Exercise requirements -
An exact copy of the entries below is needed, with every picture left out.

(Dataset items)
^^^^^^^^^^^^^^^^

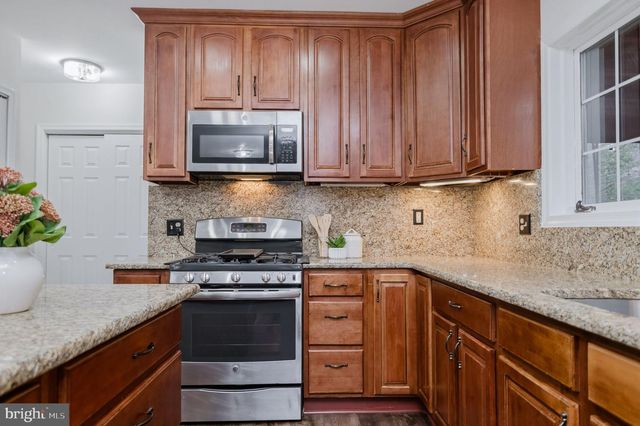 1278 MASON MILL CT, Herndon, VA 20170
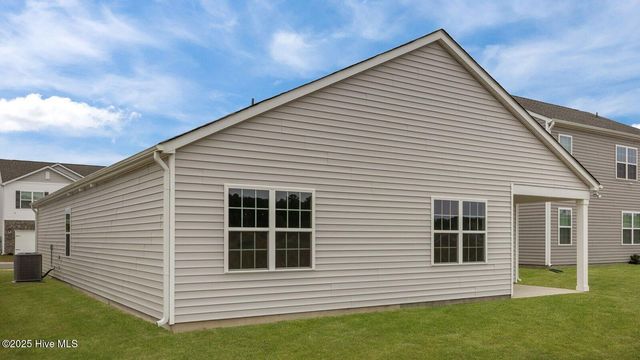 1520 Stonebriar Drive, Winterville, NC 28590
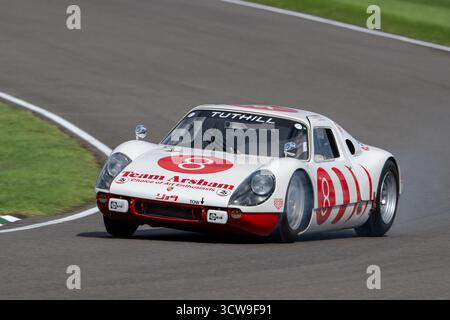 La gara del Fordwater Trophy con auto sportive classiche degli anni '1960 in azione al Goodwood Revival 2025, Goodwood Motor Circuit, Chichester, West Sussex, Foto Stock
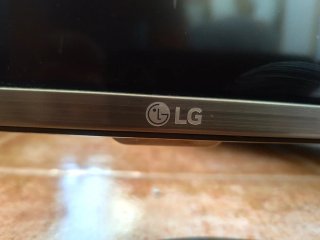 LG Smart TV Negra y Plateada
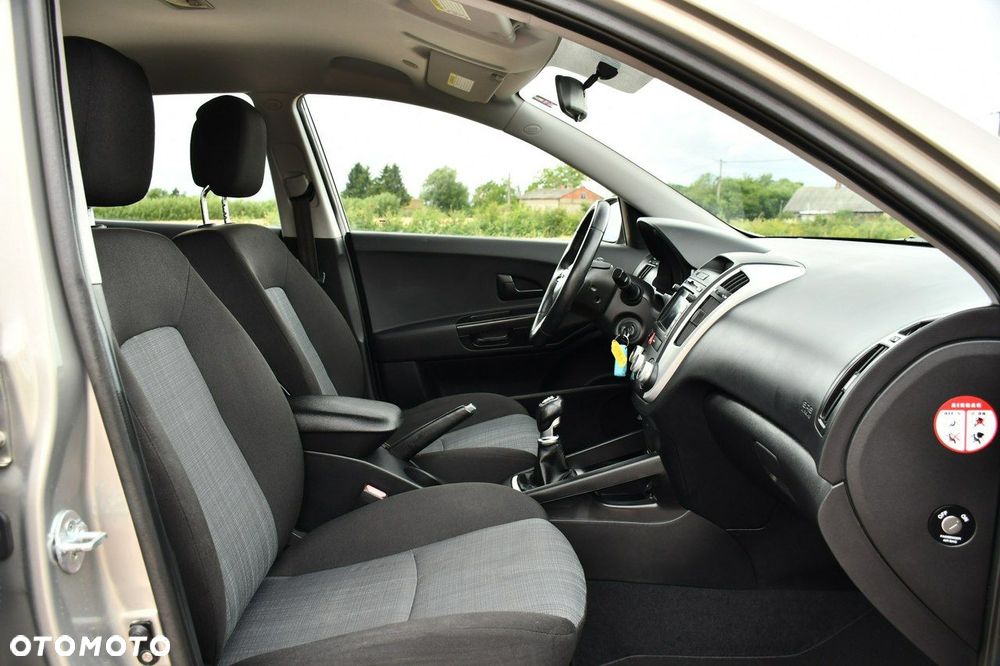 Kia Ceed - 32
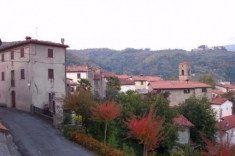 Hus till salu i GALLICANO (LU)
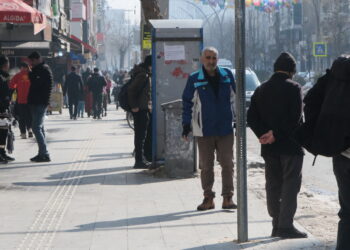 Şêniyên Amedê: Divê em ji bo Rojava bibin yek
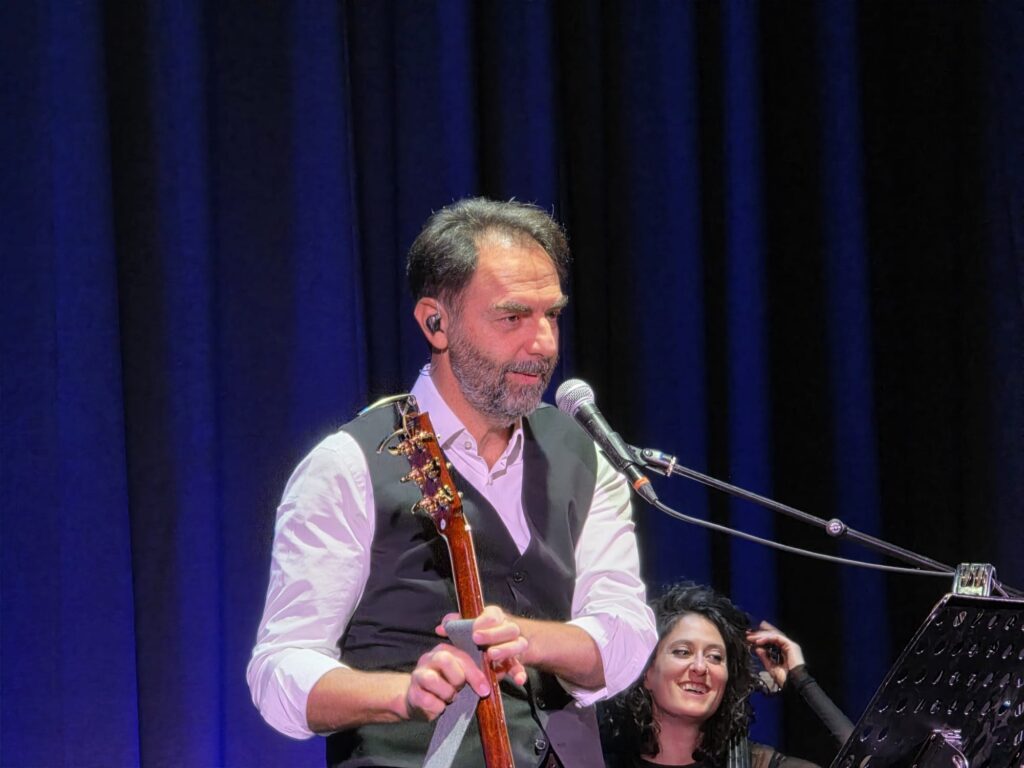 Neri Marcorè regala emozioni in musica con la sua “Doppia Coppia” - Osservatorio Fasano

^^^^^^^^^^^^^^^^

Task result -
 1278 MASON MILL CT, Herndon, VA 20170
 1520 Stonebriar Drive, Winterville, NC 28590
 La gara del Fordwater Trophy con auto sportive classiche degli anni '1960 in azione al Goodwood Revival 2025, Goodwood Motor Circuit, Chichester, West Sussex, Foto Stock
 LG Smart TV Negra y Plateada
 Kia Ceed - 32
 Hus till salu i GALLICANO (LU)
 Şêniyên Amedê: Divê em ji bo Rojava bibin yek
 Neri Marcorè regala emozioni in musica con la sua “Doppia Coppia” - Osservatorio Fasano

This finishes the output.